── RECORDED INFORMATION ──

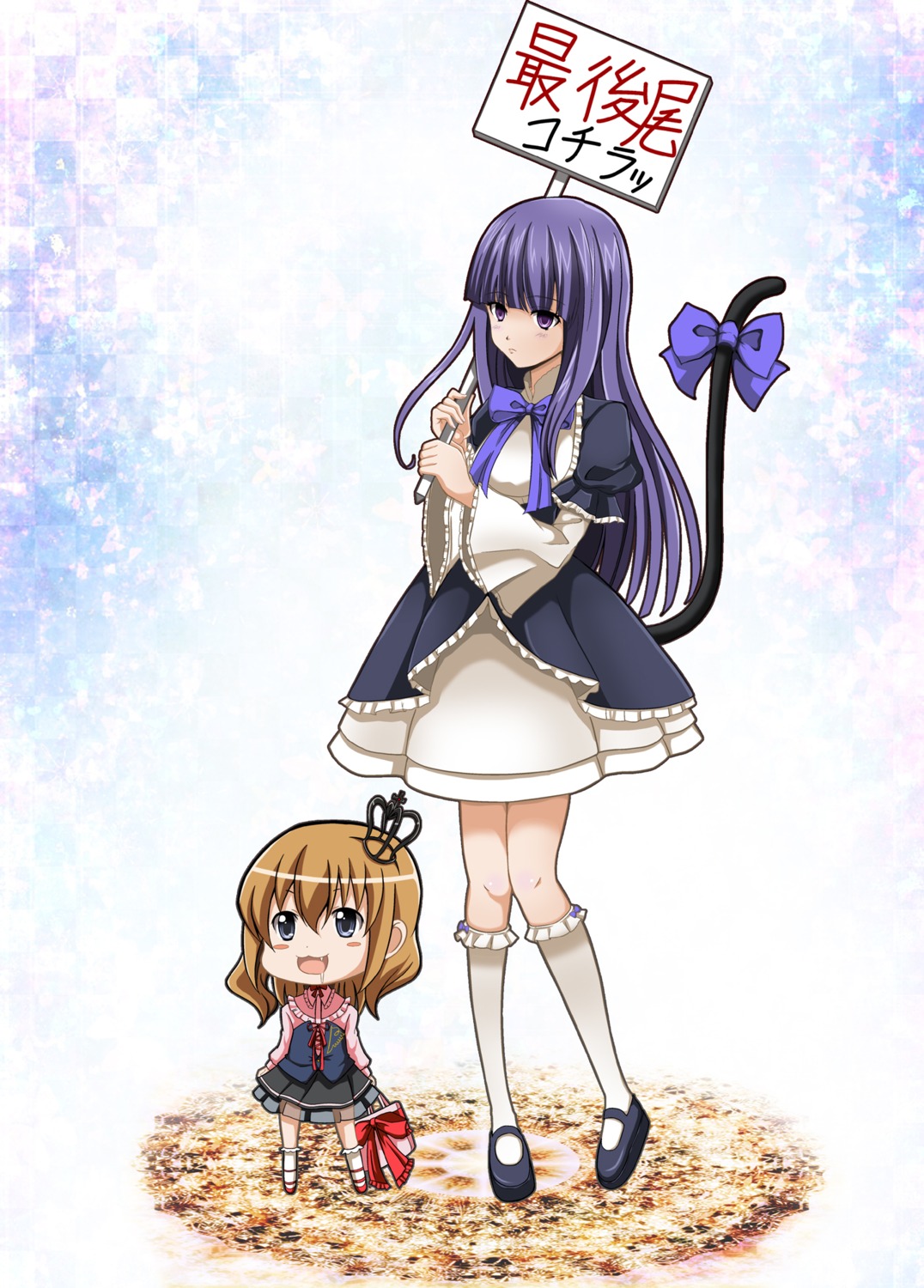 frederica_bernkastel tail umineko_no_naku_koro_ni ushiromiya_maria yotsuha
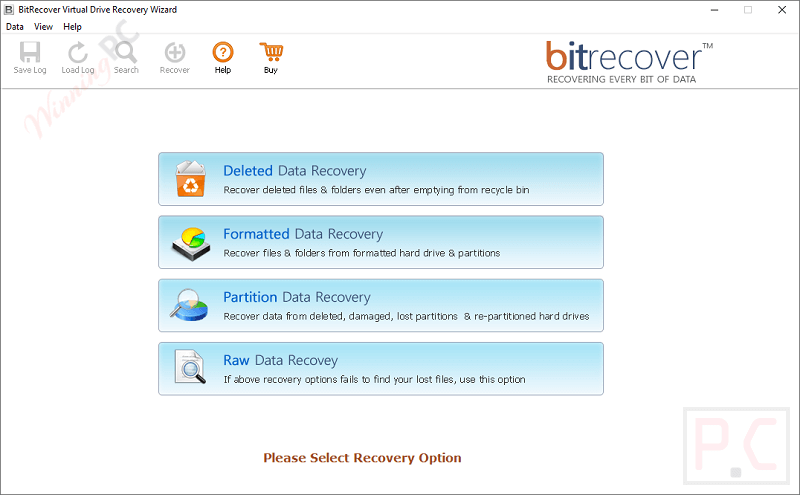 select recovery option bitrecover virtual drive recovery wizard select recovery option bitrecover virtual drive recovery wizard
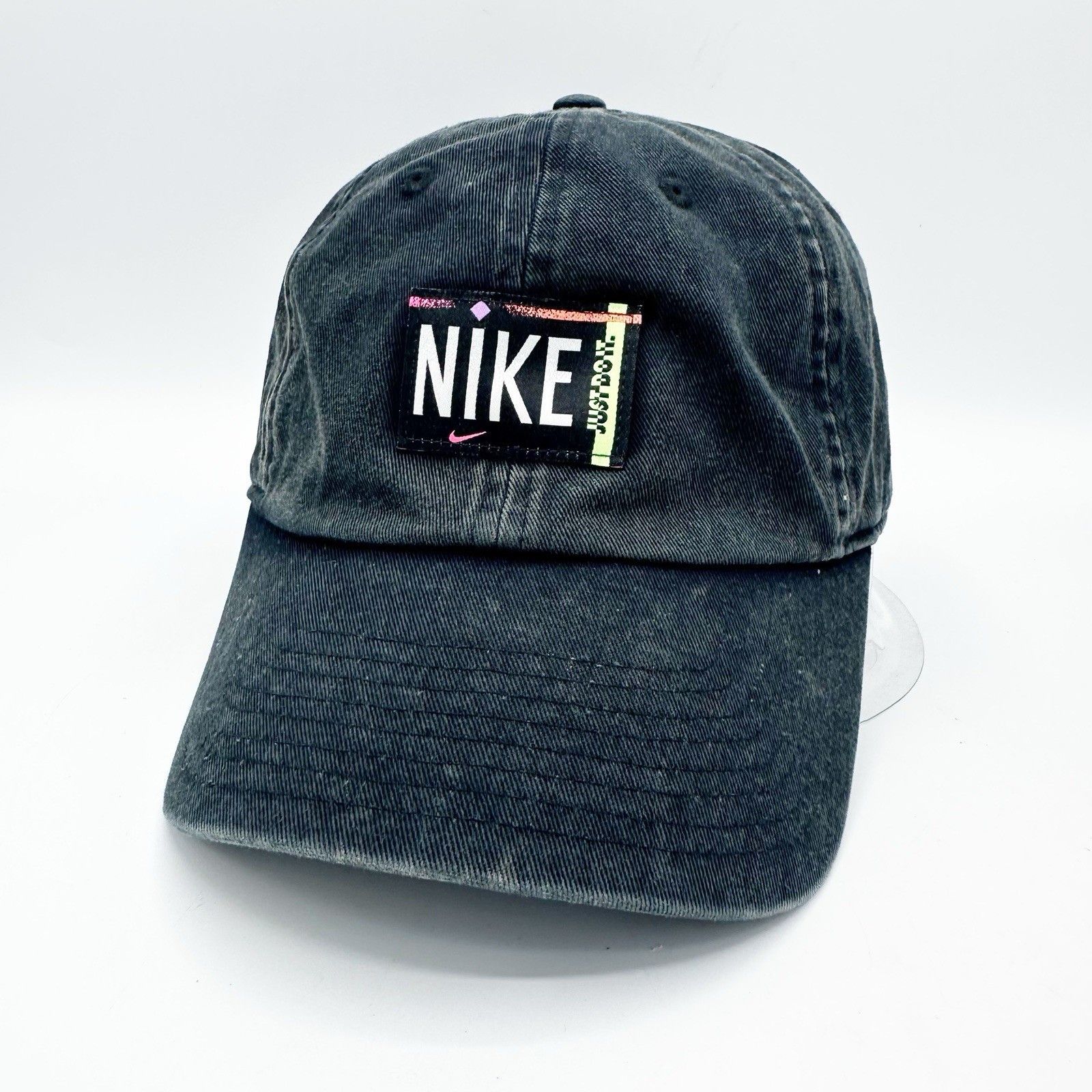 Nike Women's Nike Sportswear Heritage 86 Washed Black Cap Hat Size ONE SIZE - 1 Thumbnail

───

WORK REQUEST - A verbatim copy of the material, pictures excluded, is what must be produced.

EXERCISE ANSWER -
 frederica_bernkastel tail umineko_no_naku_koro_ni ushiromiya_maria yotsuha
 select recovery option bitrecover virtual drive recovery wizard select recovery option bitrecover virtual drive recovery wizard
 Nike Women's Nike Sportswear Heritage 86 Washed Black Cap Hat Size ONE SIZE - 1 Thumbnail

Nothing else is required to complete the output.